-------- SUPPLIED INFORMATION --------

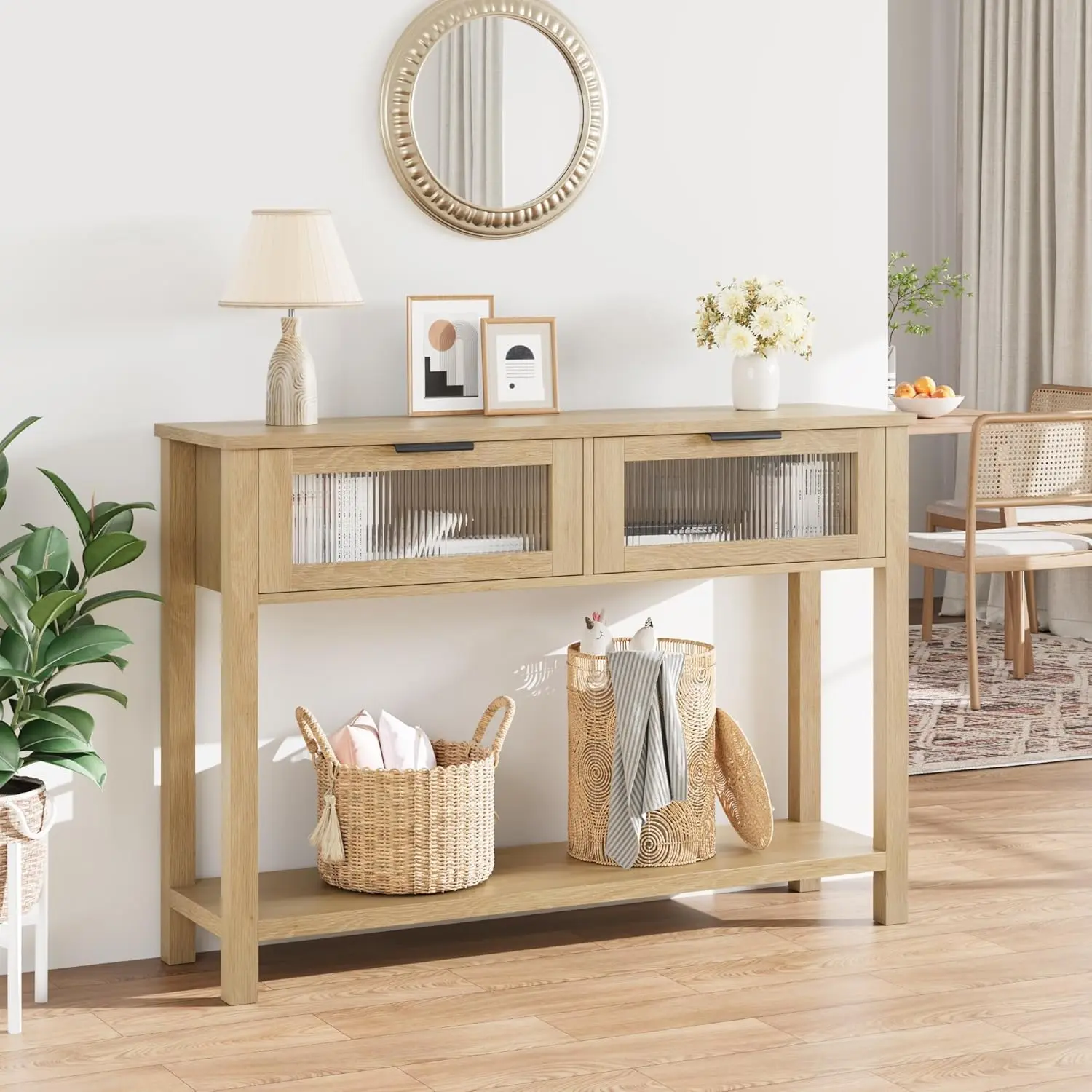 Garvee Rustic Modern Farmhouse Entryway Table with Narrow Console Design, Glass-Front Drawers, 2-Level Open Shelf, MDF Top, and Solid Wood Legs Sofa Table in Natural Wood Finish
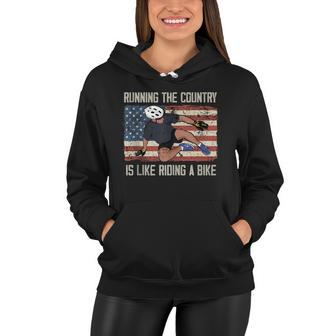 Running The Country Is Like Riding A Bike Funny Biden Meme Women Hoodie - Monsterry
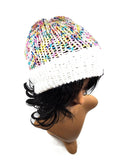 Multicolor and White Knit Beanie Hat, Handmade Stretch Beanie, Cozy Hand Knit Hat, Winter Fashion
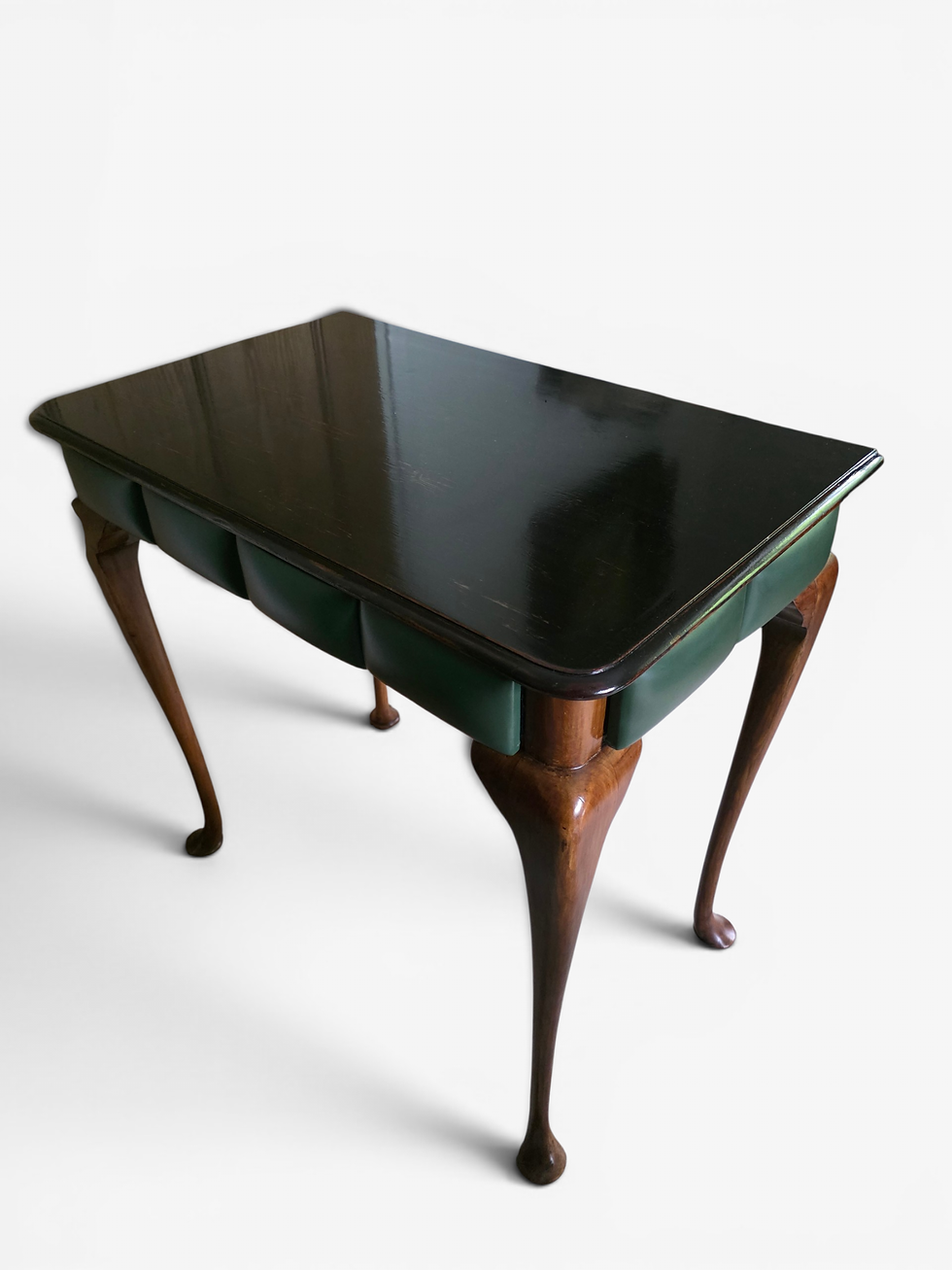 Thumbnail: Mid Century Italian Style End Table on Walnut Cabriole Legs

--------

# REQUIREMENT
Reproduce, unchanged, each line between the one with "Multicolor and White" and the last line of the material, both included; the pictures do not go in.

# EXERCISE RESPONSE
 Multicolor and White Knit Beanie Hat, Handmade Stretch Beanie, Cozy Hand Knit Hat, Winter Fashion
 Thumbnail: Mid Century Italian Style End Table on Walnut Cabriole Legs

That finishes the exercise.